Data Preparation
library(dplyr)
##
## Attaching package: 'dplyr'
## The following objects are masked from 'package:stats':
##
## filter, lag
## The following objects are masked from 'package:base':
##
## intersect, setdiff, setequal, union
library(stringr)
library(showtext)
## Loading required package: sysfonts
## Loading required package: showtextdb
library(readxl)
Adjust Variable Type
data <- read_excel("~/Downloads/商分/同意试用客户43家251223.xlsx")
str(data)
## tibble [43 × 27] (S3: tbl_df/tbl/data.frame)
## $ *企业名称 : chr [1:43] "深圳市腾彩洗护用品有限公司" "陆令数码科技有限公司" "星石(深圳)品牌管理有限公司" "学而思" ...
## $ *负责人 : chr [1:43] NA NA NA NA ...
## $ 现+前负责人 : chr [1:43] "黄水武" "黄宗继" "邓莉" "刘海明" ...
## $ outlier : chr [1:43] NA NA NA NA ...
## $ outlier原因 : chr [1:43] NA NA NA NA ...
## $ *客户状态 : chr [1:43] "同意试用" "试用中" "试用中" "试用中" ...
## $ *客户来源 : chr [1:43] "渠道转介绍" "BOSS搜索" "陌拜" "BOSS搜索" ...
## $ *详细地址(必填)-省 : chr [1:43] "广东省" "广东省" "广东省" "浙江省" ...
## $ 商品类目 : chr [1:43] "日用百货_个人护理" "3C数码" "美妆护肤_美容工具/仪器" "图书教育" ...
## $ 抖音是否为主要销售渠道 : chr [1:43] NA NA "否" "否" ...
## $ 抖音占比 : num [1:43] NA NA NA NA NA NA 40 NA NA NA ...
## $ 客服情况 : chr [1:43] "国内自有客服" "运营兼带回复" "国内自有客服,国内外包客服" "国内自有客服" ...
## $ 客服人数 : chr [1:43] "12" NA "2" "50" ...
## $ 全平台客服人数 : chr [1:43] NA NA NA "125" ...
## $ pitch对象 : chr [1:43] "电商负责人" NA "平台负责人(如抖音负责人)" NA ...

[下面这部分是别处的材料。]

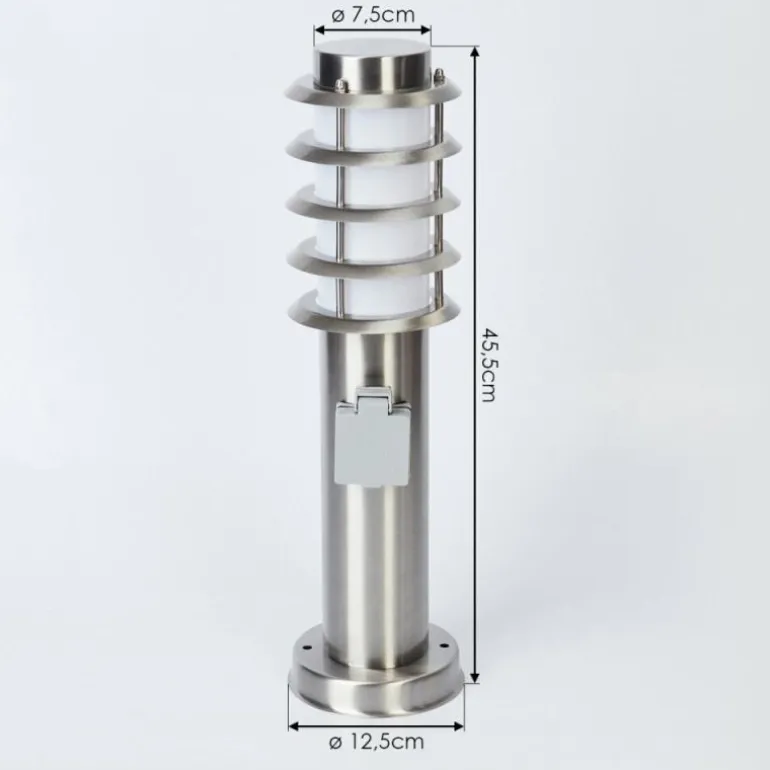 Borne lumineuse Tunes Nickel mat, 1 lumière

## $ pitch对象(其他) : chr [1:43] NA NA NA "IT/信息安全负责人" ...
## $ 日均单量 : chr [1:43] "20000" NA "3000" NA ...
## $ 全平台日均单量 : chr [1:43] NA NA NA NA ...

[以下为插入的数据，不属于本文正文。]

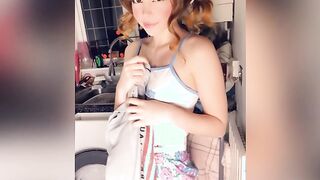 Belle Delphine Stuck in the Dryer Fucking Video Leaked | celebwhore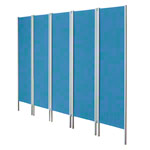 Leichtparavent 5-flgelig, HxB 165 x 259 cm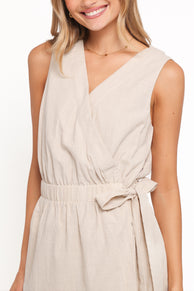 Joanna Playsuit - Beige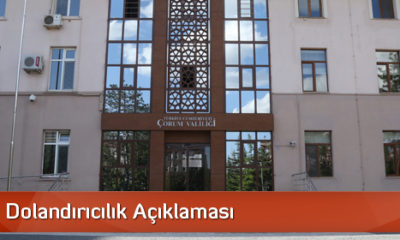 Çorum Valiliğinden Dolandırıcılık Uyarısı
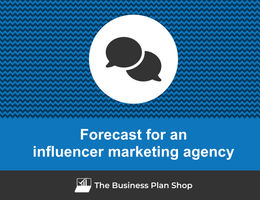 Financial forecast for an influencer marketing agency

## $ 日咨询量 : chr [1:43] NA "40" "1500" "5000" ...
## $ 全平台日咨询量 : chr [1:43] NA NA NA "10000" ...
## $ 客服人均接待量(每日) : chr [1:43] NA NA "300" "100" ...

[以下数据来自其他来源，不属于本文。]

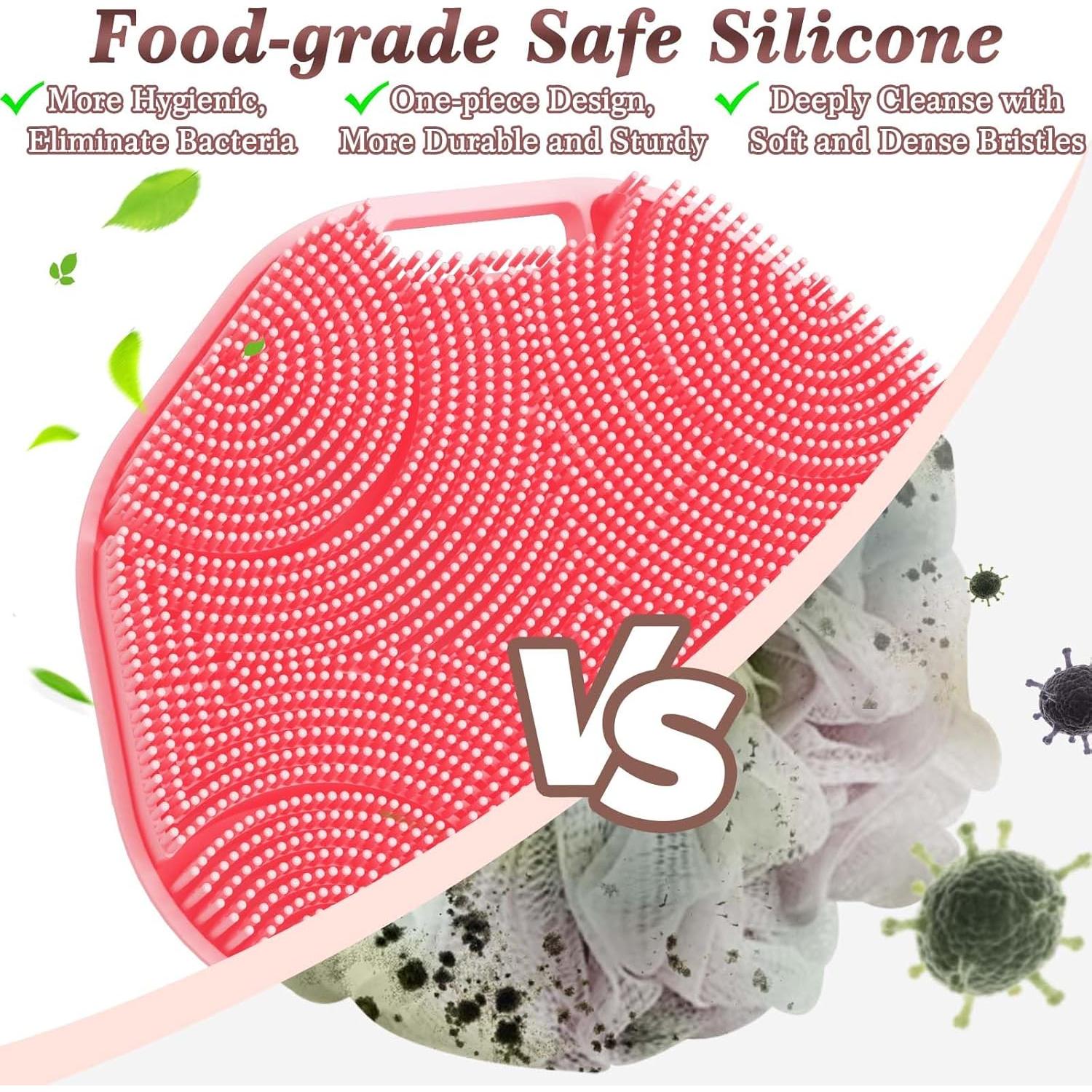 Conjunto de Esponja de Baño y Exfoliante Manmihealth Negro/Rosa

## $ 客服月工资 : chr [1:43] NA NA NA "6000" ...
## $ 客服月休几天 : chr [1:43] NA NA NA "4" ...
## $ 外包客服成本(元/接待): chr [1:43] NA NA NA NA ...
## $ 当前客服工具 : chr [1:43] "飞鸽" NA "未使用" "飞鸽" ...
## $ 客户信息已核实 : chr [1:43] "是" "是" "是" "是" ...
## $ 备注(商分) : chr [1:43] NA NA "自有客服团队1人负责售前,1人负责售后,其余外包" "客服人数在100-150,高峰200;客服团队base在江苏" ...
data$客服人数 <- as.numeric(data$客服人数)
data$全平台客服人数 <- as.numeric(data$全平台客服人数)
data$日均单量 <- as.numeric(data$日均单量)
## Warning: NAs introduced by coercion
data$全平台日均单量 <- as.numeric(data$全平台日均单量)
data$日咨询量 <- as.numeric(data$日咨询量)
data$全平台日咨询量 <- as.numeric(data$全平台日咨询量)
data$`客服人均接待量(每日)` <- as.numeric(data$`客服人均接待量(每日)`)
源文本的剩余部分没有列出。